Les Ape sont des accords de libre-échange dans lesquels les pays africains s’engagent à libéraliser leurs marchés pour la plupart des produits européens. Dans le cas de l’Afrique de l’Ouest, cela correspondra à 75% des produits, ou encore 82% de la valeur totale des produits importés de l’Ue (1). La libéralisation s’étale sur 20 ans, mais l’essentiel sera réalisé à l’issue de 15 ans. En contrepartie, les produits africains continueront à bénéficier d’un accès au marché européen sans droits de douanes ni quotas d’importation, comme c’est le cas depuis les années 1960.
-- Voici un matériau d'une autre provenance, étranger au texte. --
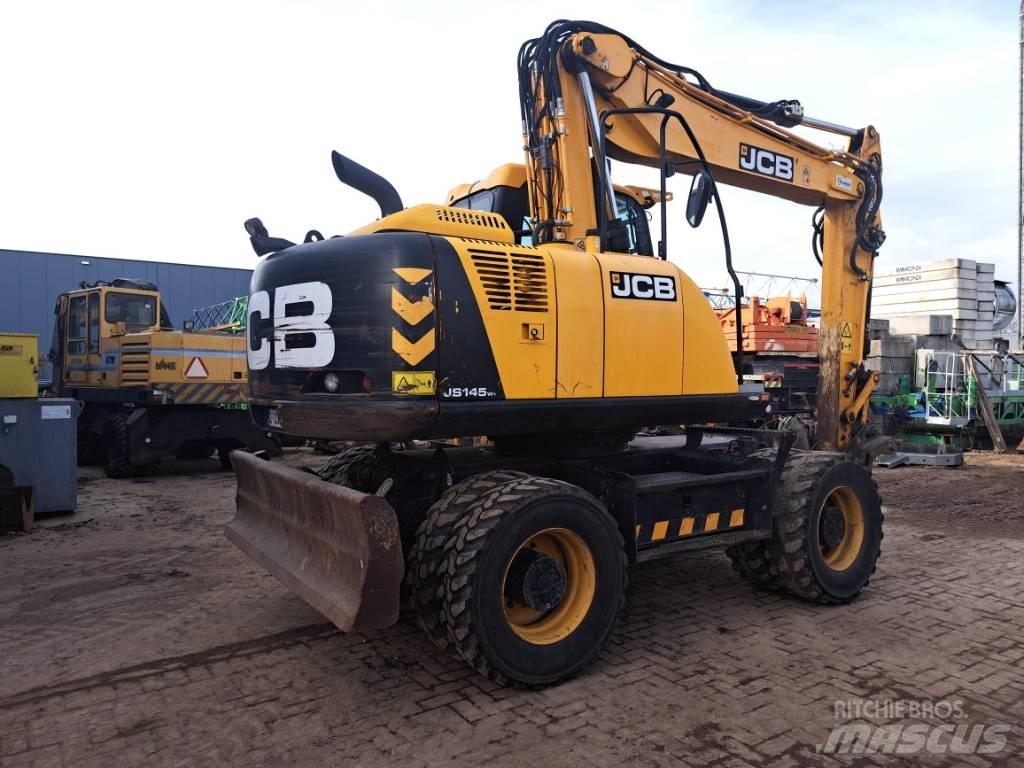 JCB JS 145 W Bagri na kolesih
Avec ces accords, les recettes douanières des pays de l’Afrique de l’Ouest baisseront fortement (1,9 milliards d’Euros par an) (2), alors que le budget de leurs Etats en dépend en grande partie. La promesse de l’Ue d’aider ces pays à s’adapter à cette nouvelle situation au travers d’une « aide au développement » constitue une véritable hypocrisie : les montants promis ne correspondent qu’à un recyclage des actuelles aides apportées par le Fed (Fonds européen de développement).

La libéralisation se traduira par l’importation à bas prix de produits européens qui concurrenceront ceux fabriqués localement, même si 25% des produits sont considérés comme « sensibles » et ne sont pas concernés. Du fait des différentiels de productivité (et aussi du fait des subventions européennes à l’agriculture), des pans entiers des secteurs agricole et industriel africains sont menacés. De plus, l’accord interdira à l’avenir aux pays africains de recourir à de nouvelles mesures de politique commerciale concernant tous les produits échangés avec l’Ue (hausse des droits de douanes ou limitation des exportations). Les pays signataires renoncent ainsi de façon indéfinie à leur souveraineté politique en matière commerciale.

Certes, leurs droits de douanes sont déjà souvent très insuffisants pour garantir une protection réellement efficace contre les importations à bas prix d’Europe, mais aussi d’autres pays (Etats-Unis, pays émergents). Mais, désormais, ces dernier pays vont probablement exiger des pays africains les mêmes avantages commerciaux que ceux qu’ils ont accordés à l’Ue, entraînant une ouverture accrue de leurs marchés.

Enfin, les pays signataires s’engagent à ouvrir des négociations avec l’Ue dans les six mois suivant la conclusion des Ape en vue d’une libéralisation encore plus poussée de leurs économies, intégrant les services, les marchés publics, les investissements, la propriété intellectuelle et la concurrence.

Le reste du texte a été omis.